Vives, les controverses suscitées par les prétendus « bienfaits » de la colonisation ont débouché sur un débat, certes intéressant, mais hélas trop franco-français. Alors que tout semblait dit et écrit sur la présence belge en Afrique, l’ouvrage de Guy Vanthemsche (1) suggère qu’au contraire l’essentiel reste à écrire. Il s’interroge sur les impacts de l’aventure coloniale congolaise, sur le vécu social métropolitain, la politique, le développement économique ainsi que le poids géopolitique de la Belgique.
De cette analyse se dégagent quelques traits saillants. Bien que présent dans la rhétorique nationaliste officielle, le Congo n’a occupé qu’une place assez marginale sur la scène politique intérieure belge, sauf lors de la reprise de la colonie personnelle du roi Léopold par l’Etat, pendant les guerres mondiales, ainsi qu’en 1960 avec la dramatique décolonisation. Mais, alors qu’elle était sans poids stratégique véritable, la Belgique acquit une stature internationale grâce à l’aventure coloniale. Cette médaille a eu son revers : Bruxelles a essuyé des critiques à l’Organisation des Nations unies (ONU) pour son aveuglement vis-à-vis des mouvements d’émancipation africains.
Désarçonnés par les secousses d’un phénomène sur lequel ils n’avaient aucune prise, les Belges s’employèrent, au lendemain de l’indépendance, en 1960, à « modeler la politique congolaise ». Ensuite, ils s’accommodèrent avec le régime mobutiste, contraints de pratiquer une diplomatie que l’auteur qualifie de cyclothymique.
Réédition d’un ouvrage publié en 1989 au moment où la crise belgo-zaïroise atteignait son paroxysme, le recueil d’études de Jean Stengers (2), pionnier de l’histoire coloniale, démythifie minutieusement les innombrables légendes dorées et noires qu’apologistes et détracteurs de la colonisation ont fabriquées. Les chapitres de 1989 ont été repris sans subir la moindre retouche afin que le lecteur – souligne Stengers – soit assuré qu’il lit des études rédigées in tempore non suspecto par un historien faisant uniquement son métier. Ces études traitent notamment du rôle de Léopold II. La nouvelle édition s’enrichit de trois textes portant sur la surévaluation de la population congolaise, la critique de l’ouvrage d’Adam Hochschild Les Fantômes du roi Léopold (Belfond, Paris, 1998) et les « malaises de l’histoire coloniale » que Stengers a publié en 1979 pour déplorer le déclin de l’enseignement et de la recherche en histoire coloniale depuis 1960 en Belgique.

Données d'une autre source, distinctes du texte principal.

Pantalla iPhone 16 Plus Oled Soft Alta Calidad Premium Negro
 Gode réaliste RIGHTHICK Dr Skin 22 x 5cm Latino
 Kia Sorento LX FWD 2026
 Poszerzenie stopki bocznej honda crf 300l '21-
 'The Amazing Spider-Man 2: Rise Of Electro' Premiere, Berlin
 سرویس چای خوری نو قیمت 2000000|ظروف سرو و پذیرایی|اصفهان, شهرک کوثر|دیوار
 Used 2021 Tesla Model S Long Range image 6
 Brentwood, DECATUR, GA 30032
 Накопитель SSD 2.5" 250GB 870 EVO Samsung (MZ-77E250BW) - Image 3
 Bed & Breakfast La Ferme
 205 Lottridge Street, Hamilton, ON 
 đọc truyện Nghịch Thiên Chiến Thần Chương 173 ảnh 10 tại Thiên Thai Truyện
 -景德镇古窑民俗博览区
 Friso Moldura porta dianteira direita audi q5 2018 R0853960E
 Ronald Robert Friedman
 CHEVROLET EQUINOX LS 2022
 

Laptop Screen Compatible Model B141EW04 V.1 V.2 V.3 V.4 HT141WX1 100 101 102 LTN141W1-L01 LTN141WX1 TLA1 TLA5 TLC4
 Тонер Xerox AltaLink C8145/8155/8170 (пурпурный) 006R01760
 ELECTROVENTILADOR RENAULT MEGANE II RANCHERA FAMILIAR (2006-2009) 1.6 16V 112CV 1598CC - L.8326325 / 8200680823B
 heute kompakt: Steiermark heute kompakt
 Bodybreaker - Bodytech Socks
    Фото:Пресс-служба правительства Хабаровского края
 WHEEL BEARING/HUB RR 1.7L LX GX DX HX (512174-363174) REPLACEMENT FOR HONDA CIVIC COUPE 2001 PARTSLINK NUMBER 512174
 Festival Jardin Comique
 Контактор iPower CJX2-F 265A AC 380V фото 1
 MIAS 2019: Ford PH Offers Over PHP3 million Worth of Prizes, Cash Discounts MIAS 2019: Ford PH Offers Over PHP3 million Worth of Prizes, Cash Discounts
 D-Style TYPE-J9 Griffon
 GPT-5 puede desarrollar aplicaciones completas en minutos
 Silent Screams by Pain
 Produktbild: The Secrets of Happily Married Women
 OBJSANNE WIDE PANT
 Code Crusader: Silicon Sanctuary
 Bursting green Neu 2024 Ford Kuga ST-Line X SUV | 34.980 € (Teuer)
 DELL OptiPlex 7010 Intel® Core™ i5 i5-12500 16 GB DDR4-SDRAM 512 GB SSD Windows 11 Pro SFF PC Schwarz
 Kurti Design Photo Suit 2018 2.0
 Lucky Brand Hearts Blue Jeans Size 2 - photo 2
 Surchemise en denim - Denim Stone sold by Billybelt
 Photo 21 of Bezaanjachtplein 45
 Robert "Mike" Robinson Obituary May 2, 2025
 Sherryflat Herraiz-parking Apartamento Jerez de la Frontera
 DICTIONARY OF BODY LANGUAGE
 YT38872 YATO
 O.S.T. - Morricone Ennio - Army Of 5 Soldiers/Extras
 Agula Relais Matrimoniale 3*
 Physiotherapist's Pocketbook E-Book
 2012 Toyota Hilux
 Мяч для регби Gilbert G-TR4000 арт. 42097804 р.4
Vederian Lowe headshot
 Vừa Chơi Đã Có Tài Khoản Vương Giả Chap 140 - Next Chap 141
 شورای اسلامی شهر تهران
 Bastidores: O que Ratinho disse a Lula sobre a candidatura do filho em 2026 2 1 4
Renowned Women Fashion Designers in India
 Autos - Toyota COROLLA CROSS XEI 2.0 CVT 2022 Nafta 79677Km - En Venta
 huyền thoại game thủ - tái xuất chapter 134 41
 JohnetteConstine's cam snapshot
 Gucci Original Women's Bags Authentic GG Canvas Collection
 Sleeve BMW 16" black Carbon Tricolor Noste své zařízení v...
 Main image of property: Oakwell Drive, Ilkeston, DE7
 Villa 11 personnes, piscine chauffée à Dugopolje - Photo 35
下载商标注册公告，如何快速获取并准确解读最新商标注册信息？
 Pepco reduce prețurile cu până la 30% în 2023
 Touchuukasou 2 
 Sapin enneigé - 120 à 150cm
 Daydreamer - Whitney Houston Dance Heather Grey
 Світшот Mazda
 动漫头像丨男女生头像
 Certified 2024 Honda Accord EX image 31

Ces deux ouvrages fournissent aux Congolais des matériaux culturels permettant une lecture critique de tous les versants de l’histoire coloniale. A eux de s’en servir avec intelligence pour s’approprier une histoire, la leur, expurgée de toute forme de mythologie historique, qu’elle soit d’origine universitaire ou politique. Ainsi, au plus fort des polémiques sur les « bienfaits » de la colonisation, le président Joseph Kabila prononçait devant le Sénat belge, en février 2004, un discours rendant un vibrant hommage aux pionniers de l’aventure coloniale belge au Congo.
Ecrit à la suite des controverses suscitées en Belgique par la projection du téléfilm Le Roi blanc, le caoutchouc rouge, la mort noire, de Peter Bate, dénonçant les violences coloniales sous Léopold II, l’ouvrage du professeur de Louvain Michel Dumoulin comprend une abondante historiographie (3). Mais force est de constater qu’il laisse plusieurs questions sans réponse, notamment le titre : « Léopold II, roi génocidaire ? ». L’auteur ne fournit guère d’éléments significatifs permettant aux lecteurs de comprendre les logiques perverses de ce système de violence dont la société congolaise porte encore des stigmates.
(1) Guy Vanthemsche, La Belgique et le Congo, Nouvelle Histoire de Belgique, vol. 4, Complexe, Bruxelles, 2007, 360 pages, 19,90 euros.
(2) Jean Stengers, Congo. Mythes et réalités, Racine, Bruxelles, 2005, 317 pages, 24,95 euros.
(3) Michel Dumoulin, Léopold II, un roi génocidaire ?, Académie royale de Belgique, Bruxelles, 2005, 122 pages, 17 euros.